Remember teenage crushes and being “head-over-heals-in-love.” Well, if you do, you may also remember that everything that happened from about 12 to 20 years old was filled with emotional turmoil. As a teenager, anything can turn you head-over-heals. Certain things about adolescence make love and romance particularly crazy-making. This includes a spike in hormones, a brain that is not fully developed in areas of complex decision making, and not yet having a solid sense of identity. So, why might love still drive you hog-wild as an adult?


 More Growth = Better Love
It may help to keep in mind that your first love may have taken place during the time when your brain was still developing towards its adult form. Emotional pathways linked to thoughts and feelings associated with love were formed. So there is a tendency to act in those ways that are pre-programmed, so to speak. But don’t worry. You are not stuck with that teenage love-mind. Current research is demonstrating that our brains have plasticity. This means that pathways can change. This is why some adult couples still act like teenagers, and others have gotten better with age. It just takes a little work to get better at regulating emotions, knowing yourself, and balancing give with take.  
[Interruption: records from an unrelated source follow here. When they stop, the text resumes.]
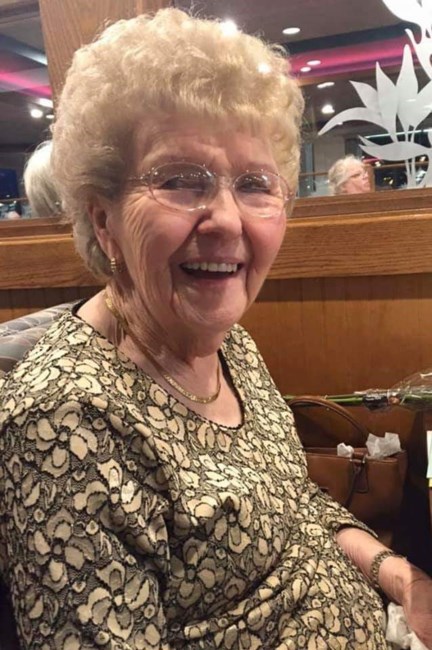 Obituary of Bertha Maryline Day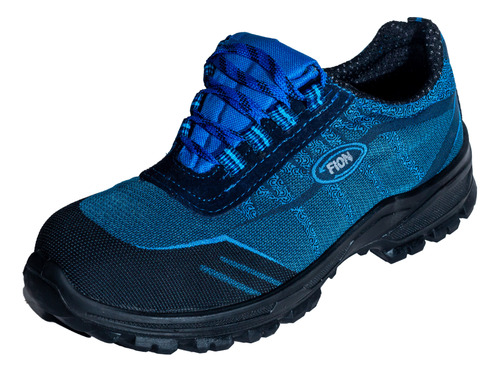 Zapato Active Azul Marca Fion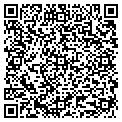 QR code with Mtm contacts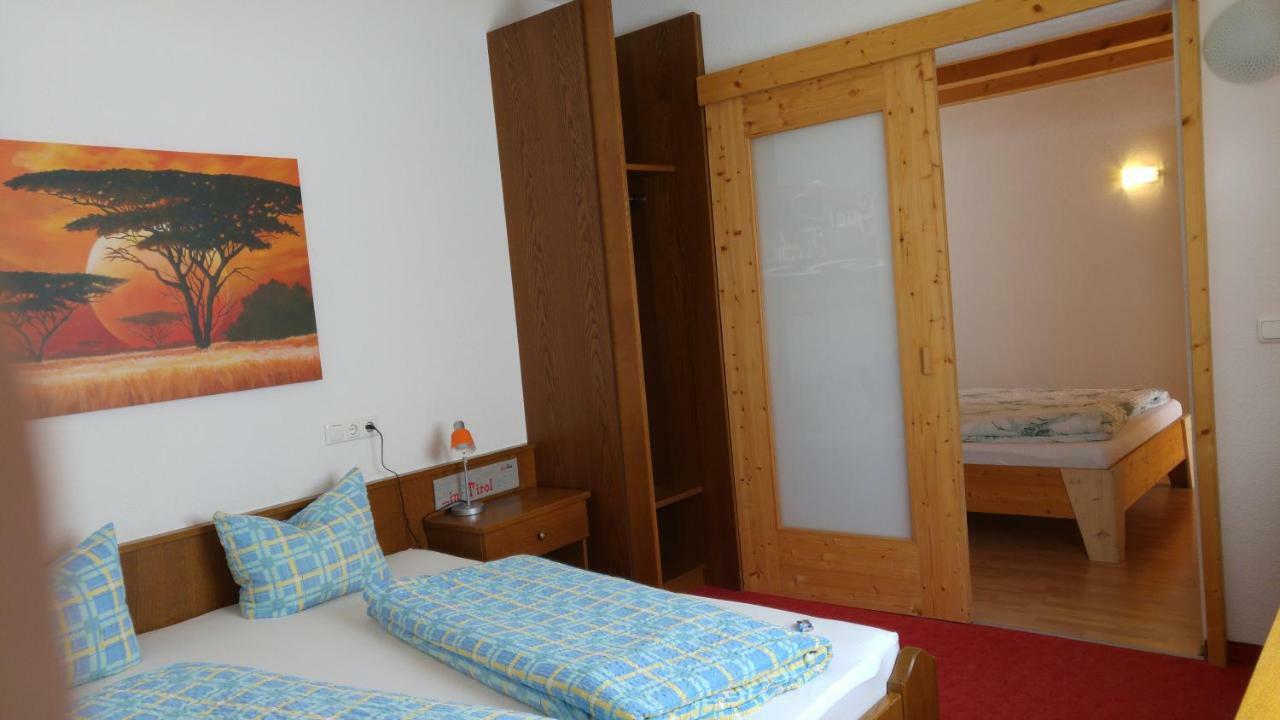Sabine Schranz Apartment Serfaus Bagian luar foto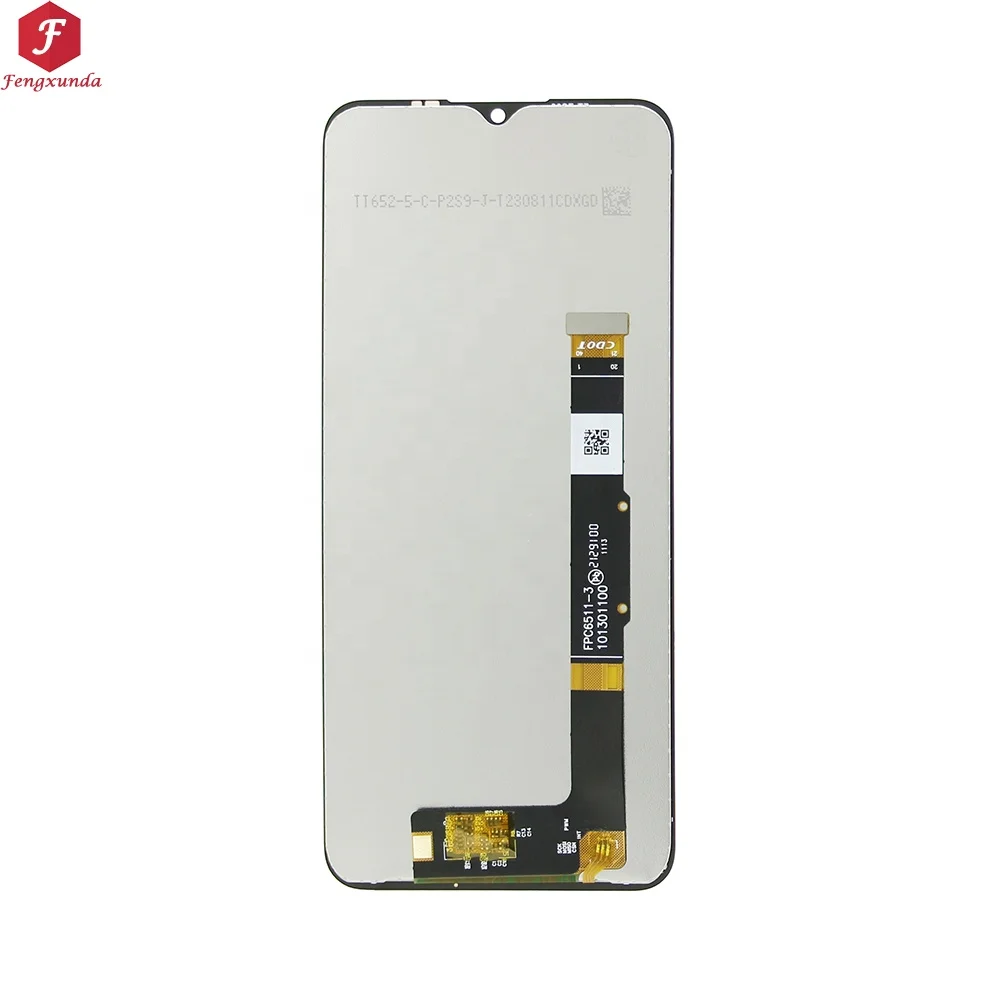 Écran LCD + Vitre Tactile Pour TCL 20L - Kit De Réparation Avec Colle Et Outils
Couples Development - First, I want to say a little bit about the development of a couple’s relationship.
 Many theories about couples development say that couples develop in a way that parallels early childhood development with parents. One of my favorite theories about this is by Ellen Badder, Ph.D., and Peter T. Pearson, Ph.D., who based their work on Margaret Mahler’s theory of childhood development.  Basically, Badder and Pearson propose that a relationship starts with Symbiosis, where each person in the relationship basically merges their life with the other. This is the intense bonding in what we call the “honeymoon” phase, or feeling “madly in love.” Eventually, differences arise and a couple needs to face their differences, thus entering the second phase, Differentiation. I can tell you that theory and experience tells me that most relationships don’t make it past this point. Most people have to go through at least a few relationships before something long-term comes to be. In the next phase, couples practice doing things apart from each other. They each focus a bit more on themselves. This is called Practicing. More conflicts and power struggles can come up here. Eventually, each person will be a little more secure about who they are in the relationship, and Rapprochement occurs. Each person starts focusing more on the relationship and emotional support again. Couples in rapprochement can more easily alternate between independence and increased intimacy. As Bader and Pearson in their book, In the Quest of the Mythical Mate, 1988*, explain the later phases in couples development,“Encouraged to grow through external contacts in the world and strengthened by the knowledge that they are loved by each other, the couple may enter a later phase of constancy, in which the perfect is reconciled with the real and the stage of mutual interdependence is attained.” Here we see a balance between deep intimacy and love, and each person being secure in themselves. This is the polar opposite from couples who are co-dependent, where feelings and actions are based completely on another person, and each person in some way loses themselves. 
I like this theory because it spells out what many of us have felt as we strain and struggle to grow our relationships. It challenges the myth of “happily ever after,” and implies that commitment and honesty are critical  if a relationship is to last in a healthy way. 


David Schnarch, Ph.D. is one of the leading authors and researchers on love and intimacy. He based much of his work on Murray Bowen’s concept of differentiation. “Differentiation,” simply put, means one’s ability to think, feel, and make decisions freely on their own; being able to “balance their independence with interdependence” in a relationship (Schnarch, 2012 in press*). His most recent developments support that the happiest couples have individuals with the ability to manage their own negative feelings, balance holding one’s ground with picking one’s battles, stay mindful and in control of one’s self, and be able to get out of one’s “comfort zone.”